Hints on How to Do Math

1. Be tidy and systematic. Whenever you have data in tables, especially when place-value is important, be sure to keep things lined up in neat columns and neat rows. See section 4 for an example of how this works in practice.

2. If your columns are wobbly, get a pad of graph paper and see if that helps. If you don’t have a supply of store-bought graph paper, you can make graph paper on your computer printer. There are freeware programs that do a very nice job of this.

If that’s too much bother, start with a plain piece of paper and sketch in faint guidelines when necessary.

3. Paper is cheap. If you find that you are running out of room on this sheet of paper, get another sheet of paper, rather than squeezing the calculation into a smaller space. See section 4 for an example of using extra paper to achieve a better result.

4. The whole calculation should be structured as a succession of true statements. The first statement is true, the next statement is true, and the statement after that, et cetera. Each statement is a consequence of the previous statements (in conjunction with known theorems, and the “givens” of the problem). Finally, we get to the bottom line, and we know it is true. An example of this can be seen in reference 1.

5. Sometimes, especially for long and/or complex calculations, it helps to organize your calculation in two columns. An example of this can be seen in reference 1. In the left column, you write an equation. In the right column, make a note as to how you derived that equation. (Numbering all your equations makes this easier.) If there isn’t enough width to do this easily, turn the paper 90 degrees, so it becomes wider and less tall. (Writing paper isn’t suitable for this, so use graph paper ... or lacking that, plain white paper.)

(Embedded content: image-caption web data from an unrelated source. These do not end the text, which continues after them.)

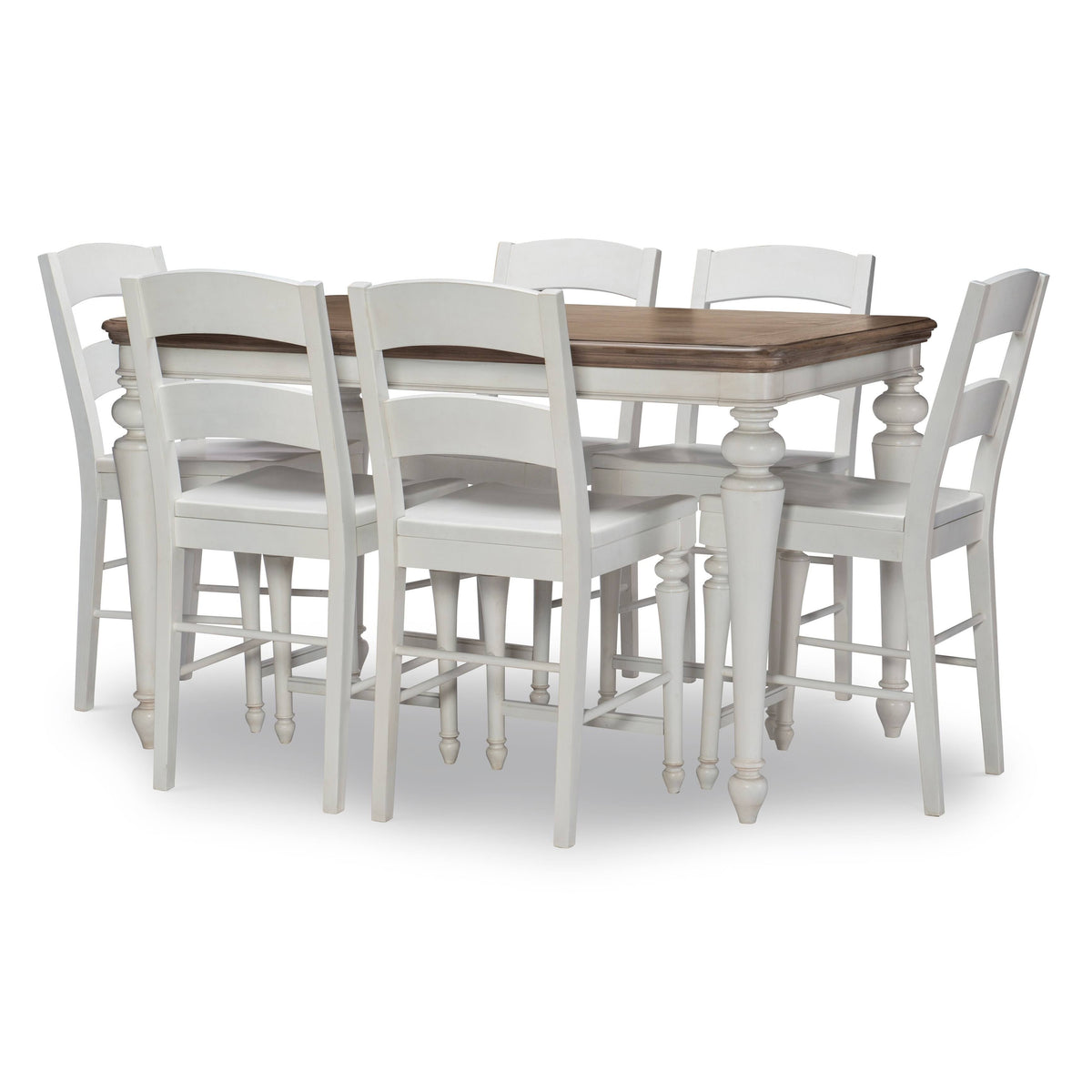 Aged Taupe Rustic White Pub Table F8047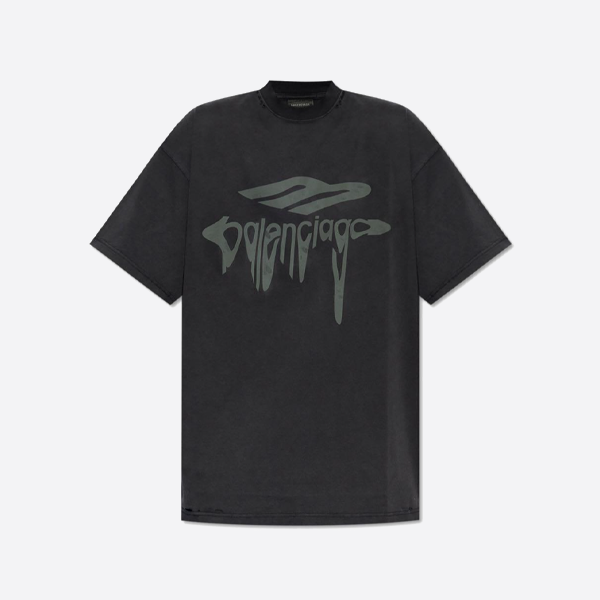 【BALENCIAGA】ブラック3Bリクイファイドオーバーサイズ Tシャツ バレンシアガ 3b リクイファイド Tシャツ オーバーサイズ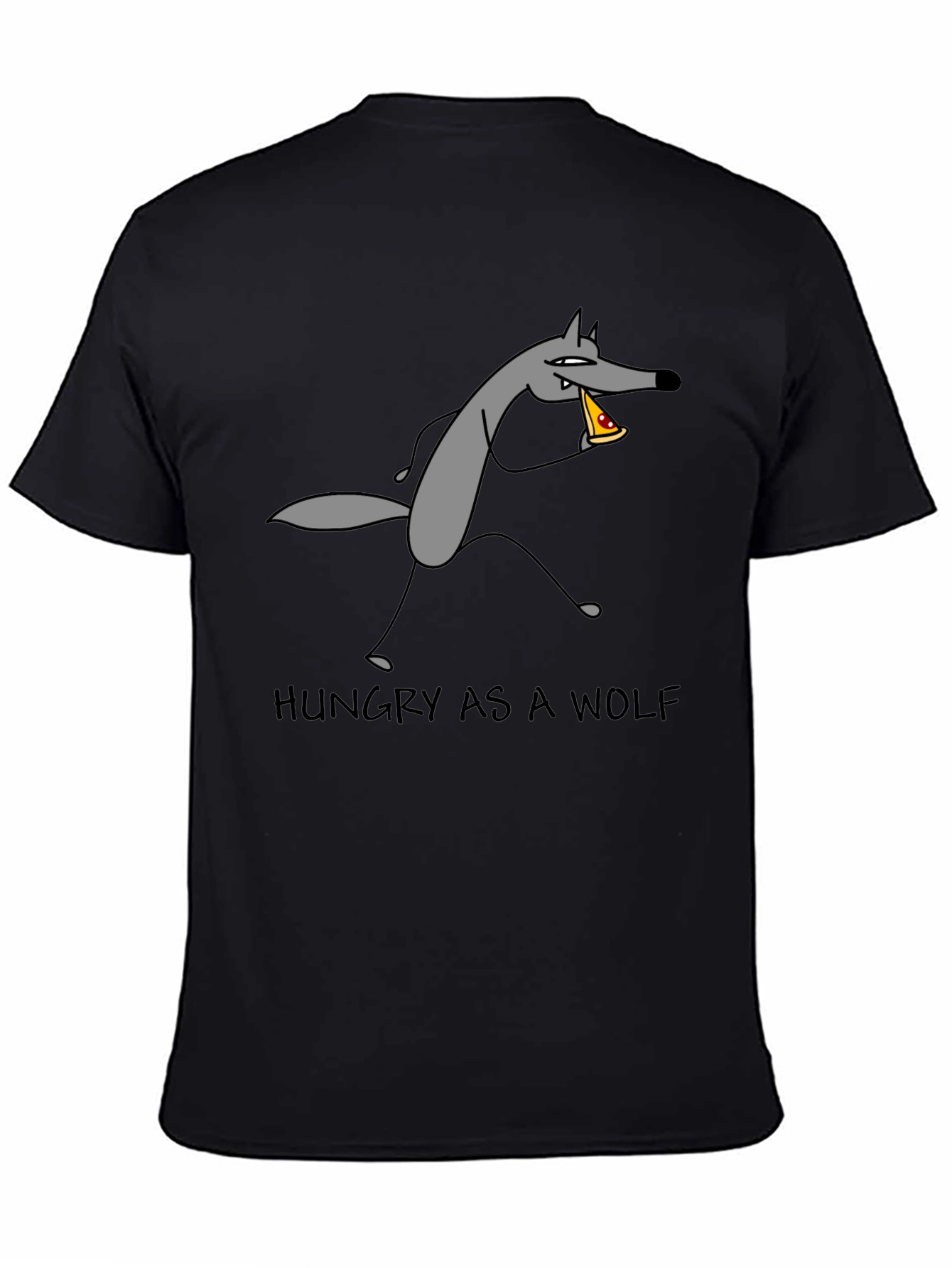Hungry as a Wolf Pizza T-Shirt - Black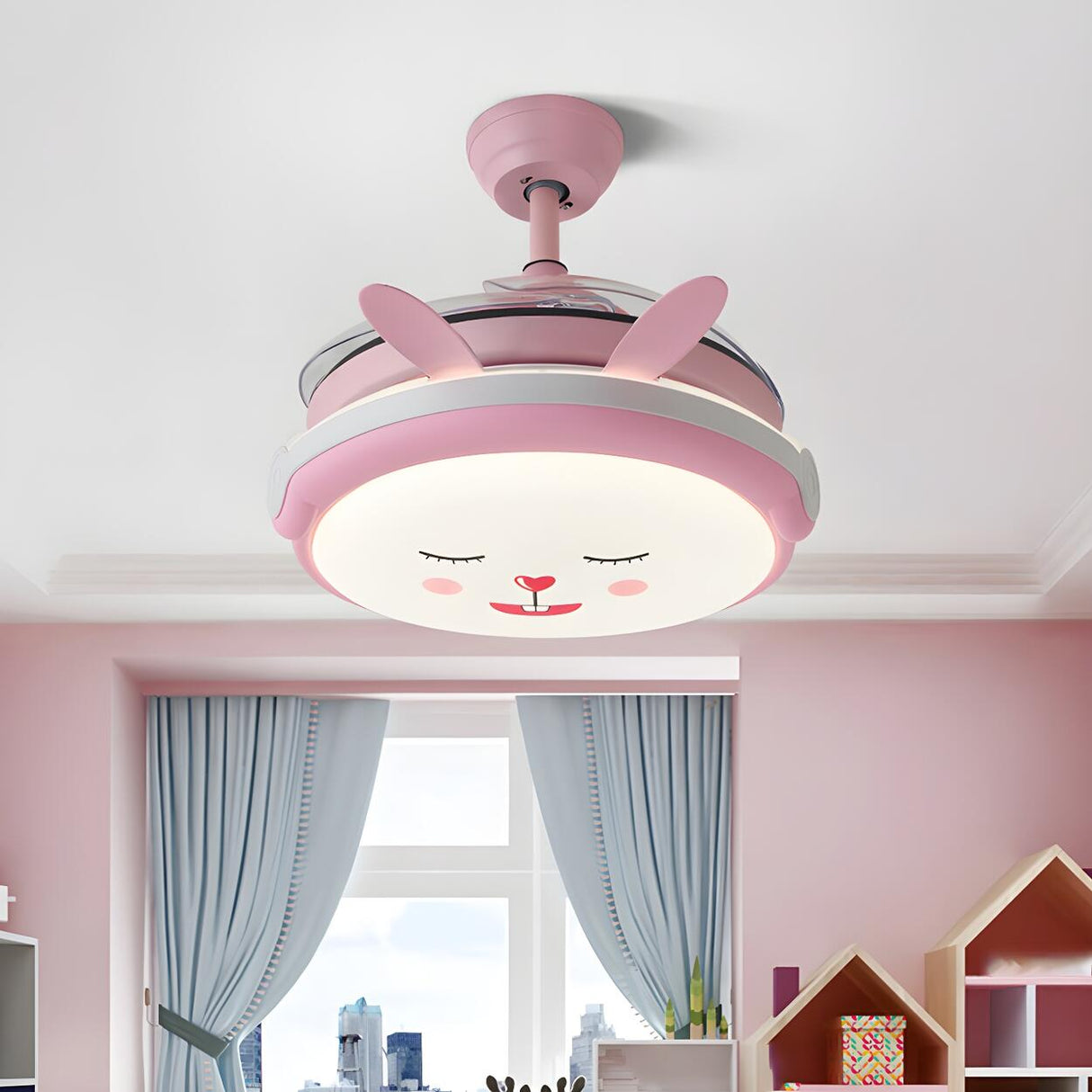 Kids Room Round Cartoon Rabbit LED Ceiling Fan Light Image - 1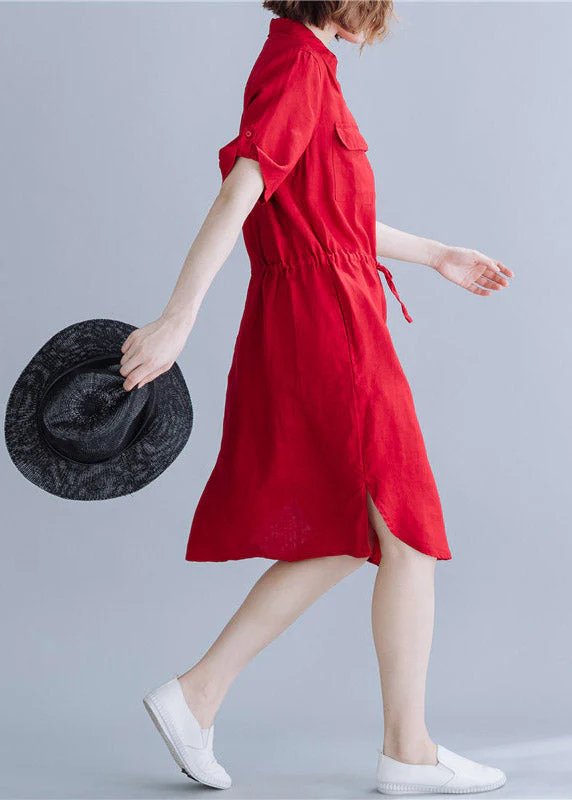 Boho Red Peter Pan Collar drawstring Shirt Dresses Summer - Image 3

6. Avoid writing down an un-named number like 17, or an un-named expression like a+17 ... because you might forget the meaning thereof. Instead, whenever possible, write down an equation such as b=a+17. That way you can point to every item on the page and say that’s true, that’s true, that’s true... in accordance with the strategy described in item 4.

7. If the meaning of a variable-name such as a and b is not obvious, construct a dictionary, glossary, or legend (like the legend of a map) that explains in a sentence or two the meaning of each variable. That is, a name is not the same as an explanation. Do not expect the structure of a name or symbol to tell you everything you need to know. Most of what you need to know belongs in the legend. The name or symbol should allow you to look up the explanation in the legend. For more on this, see the discussion of names in reference 2.

Suppose the name is constructed according to a pattern, such as F_rT where F stands for force, the subscript r stands for rolling resistance, and T stands for truck. In the glossary, explain what each element means, so the reader doesn’t have to guess. Does T stand for truck? Or does it stand for trailer? Or?????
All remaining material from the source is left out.